On Tuesday, December 10th, Horry County Council will vote on Ordinance 113-19, which is a request for rezoning a CFA parcel of approximately 129 acres on Four Mile Road. This area is situated just West of Conway, S.C.

Developers have found a loop hole in a zoning distinction on land listed as C.F.A. ( commercial, forestry and agriculture). The land along Highway 319 located on Four Mile Road is zoned as C.F.A.

Many developer’s rezoning requests are using this green card, decades-old zoning category called Commercial, Forestry and Agriculture (CFA). Properties zoned CFA are generally timberlands and farmlands. CFA zoning allows a whopping 60 different lands uses, but the one that’s concerning is multi-family units, which are apartments or condos.

Condos, highrises, and Town-homes are not big sellers in rural Horry County. Developers have been able, however, to get the rezoning approved simply by making the lot sizes smaller and building traditional homes rather than the multi-family units as the law requires.

How are these developers getting away with bending these zoning laws? Horry County Flood victims are asking Horry County Council to amend the CFA rules to remove multi-family units from the CFA zoning category before more rural developments are approved.

As Paul Gable of the reports: The 319 Area Plan calls for minimum lot size of 20,000 sq. ft. for single family homes. The request was recommended for disapproval by the Horry County Planning staff but recommended for approval by the county Planning Commission by a 5-4 vote.

Some residents in the area expressed concerns about lot size, potential stormwater runoff and increased traffic from the proposed development.
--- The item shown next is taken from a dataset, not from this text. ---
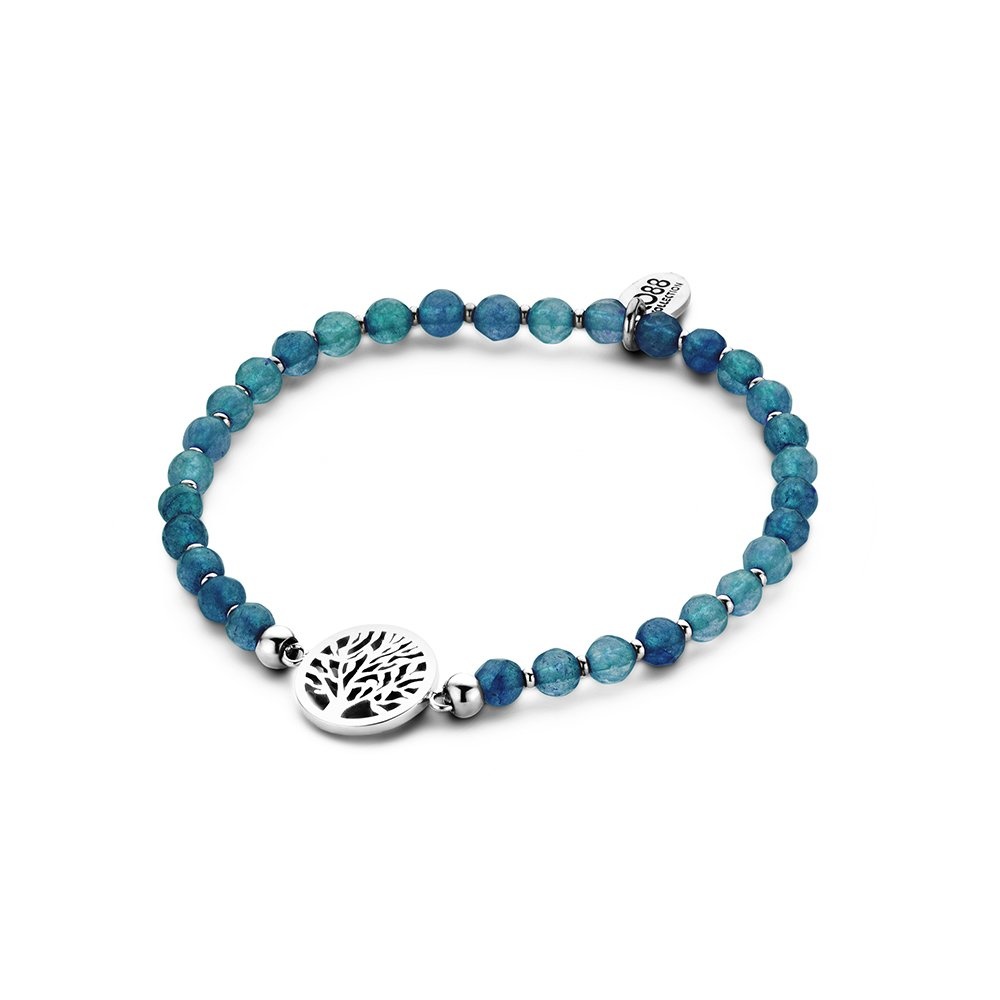 Blue Natural Stones Bracelet with Tree of Life Pendant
The residents were upset that the minimum lot size they expected for single family homes in the area plan was twice the size being requested by the developer. They felt the 319 Area Plan minimums should be adhered to.

In a perfect world the residents demanding adherence to 20,000 sq. ft. minimum lot size would probably win their point. However, zoning and development within Horry County is far from a perfect world.

The lines on CFA zoning have clearly been blurred.

Residents say they will begin holding Horry County Councilmen responsible for creating clear boundaries on what CFA is and is not.